Nas celebrações oficiais do Dia de Portugal, de Camões e das Comunidades Portuguesas, realizadas este ano em Lagos, a escritora e Conselheira de Estado Lídia Jorge proferiu um discurso que condena o racismo, a falácia da pureza étnica e a ascensão de líderes perigosos, afirmando: “Somos descendentes do escravo e do senhor que o escravizou”.
O tema da migração tem sido uma das questões mais debatidas e polarizadas no panorama político português, com a extrema direita, como o Partido Chega, a assumirem uma postura contra a migração, no país que se destaca por assumir uma política a favor do acolhimento e integração de refugiados e migrantes.
Este contexto contrasta com as palavras da escritora Lídia Jorge, que, nas celebrações do 10 de Junho em Lagos, apresentou uma visão inclusiva e humanista. Durante cerca de meia hora, a autora de A Costa dos Murmúrios citou Shakespeare, Camões e Cervantes para lembrar “três autores que perceberam bem que, em dado momento, é possível que perceberam que figuras enlouquecidas, emergidas do campo da psicopatologia, assaltem o poder e subvertam todas as regras da boa convivência”
Criticando o que chamou de “fúria revisionista” e a cultura da mediocridade que se espalha pelos extremos, Lídia Jorge apelou à vigilância cívica face à degradação do espaço público. Sublinhou que o “poder demente, aliado ao triunfalismo tecnológico”, transforma os cidadãos em meros “seguidores” e espectadores de um mundo reduzido a ecrãs de bolso.
“O poder demente, aliado ao triunfalismo tecnológico, faz que a cada dia, a cada manhã, ao irmos ao encontro das notícias da noite, sintamos como a terra é disputada. E os cidadãos são apenas público que assiste a espetáculos em ecrãs de bolso. Por alguma razão, os cidadãos hoje regrediram à subtil designação de seguidores e os seus ídolos são fantasmas”

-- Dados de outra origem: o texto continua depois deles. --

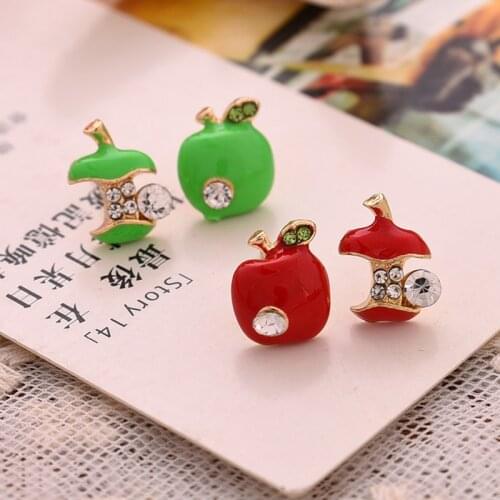 2020 Earing Pendientes Korean Hot Alloy Set Auger Asymmetric Apple Earrings For Girls Jewelry Wholesale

A escritora destacou também um dado histórico marcante: “em pleno século XVII, cerca de 10% da população portuguesa teria origem africana – população que os portugueses tinham trazido arrastados”, argumento que usou para desmistificar a ideia de identidade pura. “Por aqui ninguém tem sangue puro”, afirmou, insistindo que “cada um de nós é uma soma do nativo e do migrante, do europeu e do africano, do branco, do negro e de todas as outras cores humanas”.
A conselheira de Estado criticou ainda “a fúria revisionista que assalta pelos extremos nos dias de hoje um pouco por toda a parte”, um revisionismo que coloca em causa “os fundamentos institucionais científicos, éticos, políticos”.
No seu discurso, deixou ainda uma crítica direta ao impacto das redes sociais na escolha de líderes, notando que “o escolhido passou a ser o menos exemplar, o menos preparado, o que mais ofende”. E concluiu com uma reflexão: “Pergunto pois qual é o conceito hoje em dia de ser humano, como proteger esse valor que até há pouco funcionava e não funciona mais”.
Em referência ao presidente norte-americano, mencionou que “o chefe de Estado de uma grande potência, durante um comício, disse adoro-vos, adoro os pouco instruídos”.
“E os pouco instruídos aplaudiram. Pergunto pois qual é o conceito hoje em dia de ser humano, como proteger esse valor que até há pouco funcionava e não funciona mais”, completou. Uma pergunta que faz eco tanto na política portuguesa como no cenário internacional.
A intervenção de Lídia Jorge foi um dos momentos mais marcantes das comemorações, deixando no ar uma chamada à responsabilidade coletiva perante o passado e o presente.